The Design of an Enzyme Inhibitor for TGF-beta 1 by Xavier L.

The object of this project is to design an enzyme inhibitor for the the enzyme TGF-beta 1 (transforming growth factor beta 1). The design of this inhibitor will improve upon those of other TGF-beta 1 inhibitors that have already been developed, and will do so by optimizing the inhibitor’s potency, solubility, cell membrane permeability, and selectivity. TGF-beta 1 is a cytokine that is involved in cell growth, cell proliferation, and apoptosis. It helps regulate the cell cycle at the end of the gap 1 phase by preventing the cell from growing further. However, in oncogenic cells, TGF-beta 1 is often over expressed, affecting certain biochemical pathways within the body. Thus, inhibiting TGF-beta 1 has been considered as a possible cancer treatment. The ideal outcome of this project would be to develop an inhibitor that can potentially be tested as a treatment for cancer. The first objective of this project will to be to understand the structure of TGF-beta 1. Using the RCSB Protein Data Bank, TGF-beta 1 can be searched and the different aspects of its structure can be examined. The RCSB Protein Data Bank shows different types of affinities and interactions taking place within the protein, which can help determine how an inhibitor may dock to the protein.The next step would be to determine the site at which the inhibitor would be designed to inhibit TGF-beta 1. It would be necessary to determine whether the inhibition site would be at the active site or an allosteric site. If it were to be at an allosteric site, it would be necessary to determine whether the inhibitor would be designed as an uncompetitive or noncompetitive inhibitor. Such decisions will be determined upon further analysis of the protein TGF-beta 1 structure in the RCSB Protein Data Bank interface.
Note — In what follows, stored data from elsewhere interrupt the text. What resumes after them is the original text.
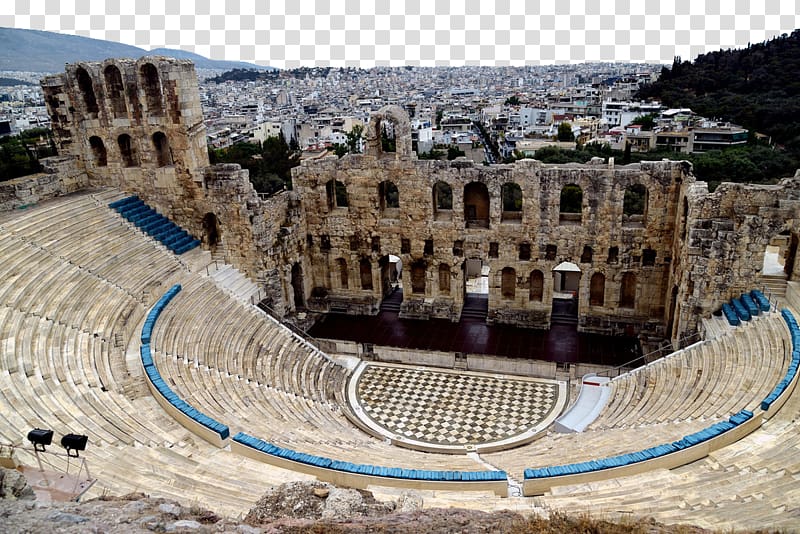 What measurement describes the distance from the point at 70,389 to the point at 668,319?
22548 millimetres

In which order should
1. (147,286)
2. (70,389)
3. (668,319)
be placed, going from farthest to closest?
(668,319) → (147,286) → (70,389)

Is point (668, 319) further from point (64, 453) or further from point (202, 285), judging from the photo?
point (64, 453)

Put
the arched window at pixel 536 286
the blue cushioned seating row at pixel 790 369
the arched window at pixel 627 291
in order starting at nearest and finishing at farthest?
the blue cushioned seating row at pixel 790 369 → the arched window at pixel 627 291 → the arched window at pixel 536 286

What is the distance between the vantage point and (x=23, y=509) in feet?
26.3

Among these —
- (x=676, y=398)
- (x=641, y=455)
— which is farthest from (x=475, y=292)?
(x=641, y=455)

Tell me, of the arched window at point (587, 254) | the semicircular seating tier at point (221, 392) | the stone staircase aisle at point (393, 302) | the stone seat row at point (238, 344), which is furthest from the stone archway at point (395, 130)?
the semicircular seating tier at point (221, 392)

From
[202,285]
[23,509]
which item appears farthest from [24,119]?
[23,509]

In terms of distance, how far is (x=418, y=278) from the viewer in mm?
29297

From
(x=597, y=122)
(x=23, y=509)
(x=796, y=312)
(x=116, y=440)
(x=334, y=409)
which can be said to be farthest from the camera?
(x=597, y=122)

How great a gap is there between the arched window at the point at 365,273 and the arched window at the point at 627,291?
1196 centimetres

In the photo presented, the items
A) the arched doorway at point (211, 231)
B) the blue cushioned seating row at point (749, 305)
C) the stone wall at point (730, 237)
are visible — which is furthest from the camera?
the arched doorway at point (211, 231)

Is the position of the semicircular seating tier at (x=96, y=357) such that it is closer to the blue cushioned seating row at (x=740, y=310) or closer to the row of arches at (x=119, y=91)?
the row of arches at (x=119, y=91)

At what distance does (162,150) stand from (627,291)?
22.6 meters

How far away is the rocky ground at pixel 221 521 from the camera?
7758 millimetres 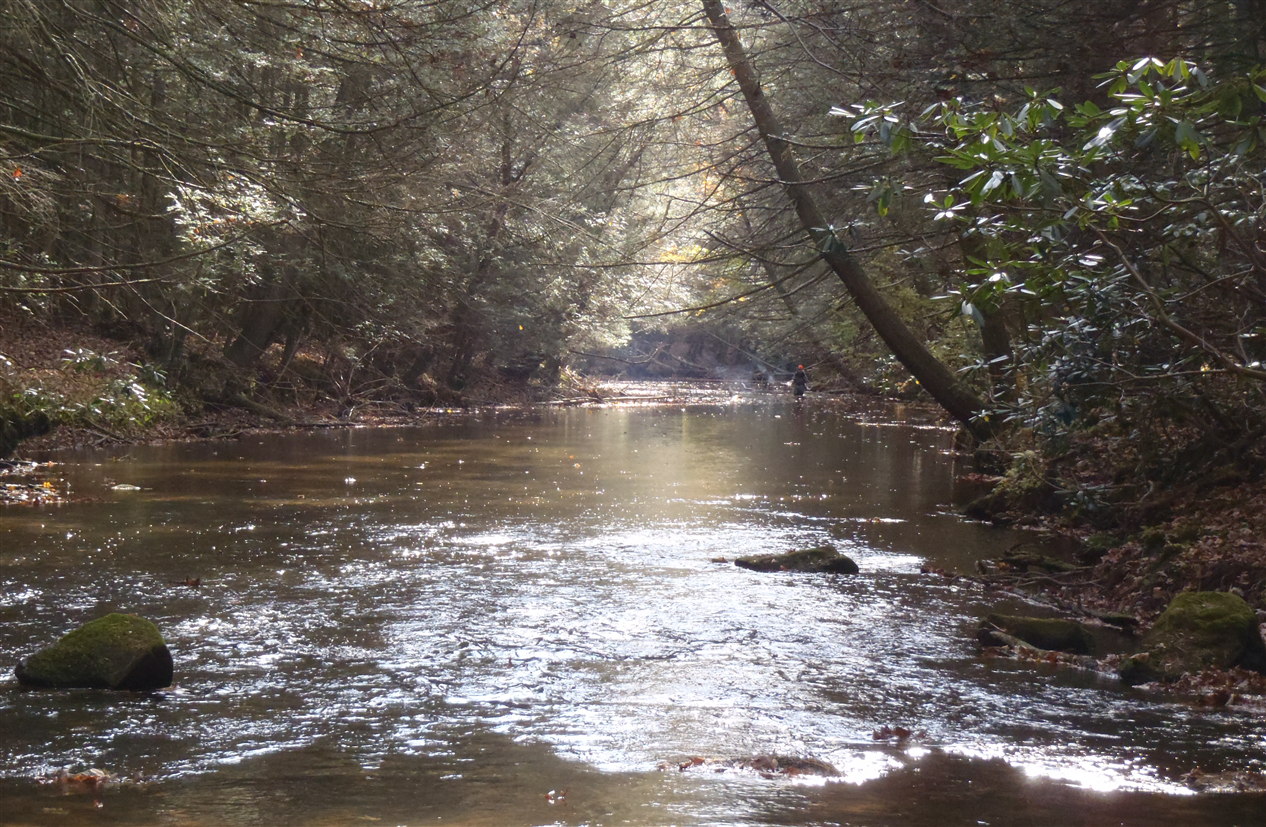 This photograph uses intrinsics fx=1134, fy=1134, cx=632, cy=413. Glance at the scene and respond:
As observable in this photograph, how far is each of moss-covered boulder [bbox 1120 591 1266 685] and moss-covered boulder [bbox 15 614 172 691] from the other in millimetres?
5352

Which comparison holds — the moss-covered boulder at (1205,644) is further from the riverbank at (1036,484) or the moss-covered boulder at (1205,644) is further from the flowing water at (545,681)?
the riverbank at (1036,484)

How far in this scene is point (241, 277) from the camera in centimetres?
1797

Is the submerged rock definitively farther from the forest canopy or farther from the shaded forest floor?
the shaded forest floor

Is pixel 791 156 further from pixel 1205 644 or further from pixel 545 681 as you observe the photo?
A: pixel 545 681

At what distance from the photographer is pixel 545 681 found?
20.7ft

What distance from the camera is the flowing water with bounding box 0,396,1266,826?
4590mm

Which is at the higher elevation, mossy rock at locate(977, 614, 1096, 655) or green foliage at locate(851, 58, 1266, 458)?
green foliage at locate(851, 58, 1266, 458)

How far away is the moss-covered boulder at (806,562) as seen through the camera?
9.44 metres

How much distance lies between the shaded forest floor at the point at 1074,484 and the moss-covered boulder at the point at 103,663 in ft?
20.4

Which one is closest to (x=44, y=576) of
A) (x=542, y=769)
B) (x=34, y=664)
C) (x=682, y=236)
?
(x=34, y=664)

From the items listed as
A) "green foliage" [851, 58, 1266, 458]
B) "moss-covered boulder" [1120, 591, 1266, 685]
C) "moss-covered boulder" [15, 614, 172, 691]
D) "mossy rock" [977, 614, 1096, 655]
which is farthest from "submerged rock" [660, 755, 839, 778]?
"green foliage" [851, 58, 1266, 458]

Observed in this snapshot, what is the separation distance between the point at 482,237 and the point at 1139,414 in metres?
18.9

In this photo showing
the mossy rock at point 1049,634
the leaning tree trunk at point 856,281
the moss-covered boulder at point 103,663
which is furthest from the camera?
the leaning tree trunk at point 856,281

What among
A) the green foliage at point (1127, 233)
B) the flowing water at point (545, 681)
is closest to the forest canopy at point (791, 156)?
the green foliage at point (1127, 233)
After the inhibition site is determined, the actual design of the inhibitor would begin using a certain type of ligand design software, which can be chosen from the database Click2Drug [3]. Using the information on the structure of TGF-beta 1 from the RCSB Protein Data Bank, the inhibitor would be designed to optimize potency, solubility, cellular permeability, and selectivity. Our design would be created by modifying different side groups of previously designed TGF-beta 1 inhibitors, and determining the combination of side chains that are optimal. After designing the inhibitor, its docking
 to TGF-beta 1 would be simulated using molecular docking software in reference [3]. Based on the success of the simulated docking, the design of the inhibitor could be modified and tested again. If the inhibitor shows enough promise
 in the molecular docking simulations to be tested in real life, its efficacy would be tested be tested in vitro, if possible. It would be ideal if a laboratory could test the inhibitor’s potency, solubility, cellular permeability, and selectivity.